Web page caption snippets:
════════

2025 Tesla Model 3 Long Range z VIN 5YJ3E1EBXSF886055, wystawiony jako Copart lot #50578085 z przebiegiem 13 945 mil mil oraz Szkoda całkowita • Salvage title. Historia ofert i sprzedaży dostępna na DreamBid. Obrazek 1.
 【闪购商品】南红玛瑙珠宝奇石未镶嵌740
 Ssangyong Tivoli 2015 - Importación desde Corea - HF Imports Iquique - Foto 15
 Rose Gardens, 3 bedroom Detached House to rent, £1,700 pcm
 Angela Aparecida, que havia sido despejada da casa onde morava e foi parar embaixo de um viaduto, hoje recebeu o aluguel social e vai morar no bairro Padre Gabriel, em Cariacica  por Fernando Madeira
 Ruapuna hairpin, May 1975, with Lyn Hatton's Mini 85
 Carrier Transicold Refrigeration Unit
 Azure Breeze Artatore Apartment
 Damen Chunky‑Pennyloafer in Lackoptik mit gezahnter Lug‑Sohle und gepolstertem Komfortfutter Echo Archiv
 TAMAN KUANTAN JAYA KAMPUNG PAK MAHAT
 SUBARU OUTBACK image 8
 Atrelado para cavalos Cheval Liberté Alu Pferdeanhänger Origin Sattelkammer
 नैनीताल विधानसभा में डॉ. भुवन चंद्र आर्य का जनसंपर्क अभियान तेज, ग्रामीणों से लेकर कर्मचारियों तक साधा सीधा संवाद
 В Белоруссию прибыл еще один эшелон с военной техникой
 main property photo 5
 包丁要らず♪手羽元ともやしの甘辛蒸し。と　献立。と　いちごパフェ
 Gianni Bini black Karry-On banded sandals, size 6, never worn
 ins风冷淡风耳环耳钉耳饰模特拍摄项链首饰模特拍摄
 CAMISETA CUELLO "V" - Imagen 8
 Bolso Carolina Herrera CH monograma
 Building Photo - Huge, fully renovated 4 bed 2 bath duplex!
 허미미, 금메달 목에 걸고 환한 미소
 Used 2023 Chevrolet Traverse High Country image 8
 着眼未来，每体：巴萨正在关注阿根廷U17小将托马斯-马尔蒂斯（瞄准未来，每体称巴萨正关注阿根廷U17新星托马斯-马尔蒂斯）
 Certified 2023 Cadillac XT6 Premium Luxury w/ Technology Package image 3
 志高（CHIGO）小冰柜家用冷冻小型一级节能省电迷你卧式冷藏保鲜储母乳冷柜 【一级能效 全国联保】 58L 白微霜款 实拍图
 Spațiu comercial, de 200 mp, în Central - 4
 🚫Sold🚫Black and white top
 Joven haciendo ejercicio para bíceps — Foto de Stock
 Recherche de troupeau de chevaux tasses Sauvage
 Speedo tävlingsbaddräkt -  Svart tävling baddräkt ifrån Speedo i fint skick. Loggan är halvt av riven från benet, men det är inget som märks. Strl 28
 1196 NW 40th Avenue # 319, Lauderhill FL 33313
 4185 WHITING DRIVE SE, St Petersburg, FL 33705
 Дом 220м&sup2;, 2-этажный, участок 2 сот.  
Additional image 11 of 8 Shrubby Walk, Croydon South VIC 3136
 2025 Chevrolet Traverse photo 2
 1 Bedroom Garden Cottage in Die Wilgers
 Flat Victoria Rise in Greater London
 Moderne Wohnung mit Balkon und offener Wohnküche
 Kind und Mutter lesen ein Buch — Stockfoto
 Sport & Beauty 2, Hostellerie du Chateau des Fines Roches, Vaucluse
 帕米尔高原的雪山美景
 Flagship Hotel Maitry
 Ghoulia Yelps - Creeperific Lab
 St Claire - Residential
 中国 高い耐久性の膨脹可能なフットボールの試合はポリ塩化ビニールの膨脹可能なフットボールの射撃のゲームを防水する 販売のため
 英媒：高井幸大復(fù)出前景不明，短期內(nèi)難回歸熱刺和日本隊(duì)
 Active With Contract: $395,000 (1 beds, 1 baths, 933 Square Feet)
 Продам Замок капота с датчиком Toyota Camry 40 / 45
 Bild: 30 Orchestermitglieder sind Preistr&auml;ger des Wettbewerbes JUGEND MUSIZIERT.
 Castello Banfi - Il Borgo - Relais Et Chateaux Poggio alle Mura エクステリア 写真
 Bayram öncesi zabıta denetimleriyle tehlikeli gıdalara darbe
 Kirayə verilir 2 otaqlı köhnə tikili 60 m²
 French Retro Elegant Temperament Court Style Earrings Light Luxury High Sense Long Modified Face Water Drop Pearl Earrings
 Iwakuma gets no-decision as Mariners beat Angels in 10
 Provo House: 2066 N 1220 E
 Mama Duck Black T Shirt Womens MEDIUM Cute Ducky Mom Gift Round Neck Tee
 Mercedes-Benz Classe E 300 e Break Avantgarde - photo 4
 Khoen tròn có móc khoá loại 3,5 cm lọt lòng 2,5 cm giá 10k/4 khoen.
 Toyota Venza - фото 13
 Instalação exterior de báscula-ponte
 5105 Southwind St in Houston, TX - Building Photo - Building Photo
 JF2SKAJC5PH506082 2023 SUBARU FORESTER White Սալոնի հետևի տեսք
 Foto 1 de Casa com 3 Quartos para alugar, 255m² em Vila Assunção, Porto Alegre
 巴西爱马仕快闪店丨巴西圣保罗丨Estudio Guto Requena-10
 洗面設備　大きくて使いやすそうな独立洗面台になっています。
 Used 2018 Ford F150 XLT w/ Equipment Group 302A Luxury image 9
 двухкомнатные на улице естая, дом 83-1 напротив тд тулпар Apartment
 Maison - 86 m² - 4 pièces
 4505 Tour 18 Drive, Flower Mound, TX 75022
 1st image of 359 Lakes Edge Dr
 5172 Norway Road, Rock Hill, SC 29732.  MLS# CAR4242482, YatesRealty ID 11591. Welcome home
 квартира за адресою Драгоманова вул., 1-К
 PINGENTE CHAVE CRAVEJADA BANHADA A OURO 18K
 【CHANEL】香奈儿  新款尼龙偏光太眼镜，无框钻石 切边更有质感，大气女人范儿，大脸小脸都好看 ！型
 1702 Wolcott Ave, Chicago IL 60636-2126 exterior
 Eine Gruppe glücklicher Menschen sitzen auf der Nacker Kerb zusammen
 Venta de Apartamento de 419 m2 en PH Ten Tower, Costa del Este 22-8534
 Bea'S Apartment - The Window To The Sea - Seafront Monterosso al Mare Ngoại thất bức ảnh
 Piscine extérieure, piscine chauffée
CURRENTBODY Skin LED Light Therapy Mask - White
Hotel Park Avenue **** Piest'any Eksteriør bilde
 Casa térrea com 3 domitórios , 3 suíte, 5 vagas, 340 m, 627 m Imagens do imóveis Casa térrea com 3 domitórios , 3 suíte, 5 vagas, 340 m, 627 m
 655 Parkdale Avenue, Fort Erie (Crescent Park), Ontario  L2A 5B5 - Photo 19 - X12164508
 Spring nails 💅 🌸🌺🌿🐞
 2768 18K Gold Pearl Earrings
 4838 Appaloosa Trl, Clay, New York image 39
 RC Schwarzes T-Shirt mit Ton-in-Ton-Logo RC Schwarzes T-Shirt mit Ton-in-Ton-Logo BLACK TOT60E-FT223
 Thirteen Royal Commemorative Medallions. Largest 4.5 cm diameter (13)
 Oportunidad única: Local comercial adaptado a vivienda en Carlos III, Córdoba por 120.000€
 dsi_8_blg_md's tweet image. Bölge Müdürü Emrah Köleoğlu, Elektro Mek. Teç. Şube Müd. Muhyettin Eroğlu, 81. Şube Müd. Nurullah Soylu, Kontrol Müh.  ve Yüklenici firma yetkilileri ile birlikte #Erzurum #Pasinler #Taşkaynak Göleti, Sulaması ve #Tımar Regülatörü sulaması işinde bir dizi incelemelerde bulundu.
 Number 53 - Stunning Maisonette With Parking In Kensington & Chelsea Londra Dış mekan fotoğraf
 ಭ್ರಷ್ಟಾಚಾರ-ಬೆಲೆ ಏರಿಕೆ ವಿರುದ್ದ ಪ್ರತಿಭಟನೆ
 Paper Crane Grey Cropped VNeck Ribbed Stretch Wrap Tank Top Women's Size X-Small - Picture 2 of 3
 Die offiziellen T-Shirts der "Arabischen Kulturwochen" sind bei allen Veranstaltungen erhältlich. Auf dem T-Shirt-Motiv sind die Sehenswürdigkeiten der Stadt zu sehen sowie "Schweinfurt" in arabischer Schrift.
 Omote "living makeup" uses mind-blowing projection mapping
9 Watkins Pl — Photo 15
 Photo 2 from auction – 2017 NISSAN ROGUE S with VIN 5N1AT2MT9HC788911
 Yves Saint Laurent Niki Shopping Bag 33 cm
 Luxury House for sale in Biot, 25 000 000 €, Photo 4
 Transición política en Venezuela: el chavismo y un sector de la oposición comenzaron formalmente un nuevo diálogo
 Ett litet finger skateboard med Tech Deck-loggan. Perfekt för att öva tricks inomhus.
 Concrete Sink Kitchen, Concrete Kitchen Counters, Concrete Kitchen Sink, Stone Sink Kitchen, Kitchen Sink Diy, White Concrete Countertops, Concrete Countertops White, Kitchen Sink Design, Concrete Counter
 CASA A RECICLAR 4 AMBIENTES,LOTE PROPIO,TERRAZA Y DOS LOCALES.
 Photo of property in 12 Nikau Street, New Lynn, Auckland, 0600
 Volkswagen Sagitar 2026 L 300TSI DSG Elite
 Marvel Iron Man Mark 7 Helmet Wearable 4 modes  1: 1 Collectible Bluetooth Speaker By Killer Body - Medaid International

════════

Assignment ▸ Going through the entries above, report how many lines contain the word "Luxury", with no other text.

Solution for this problem ▸ 4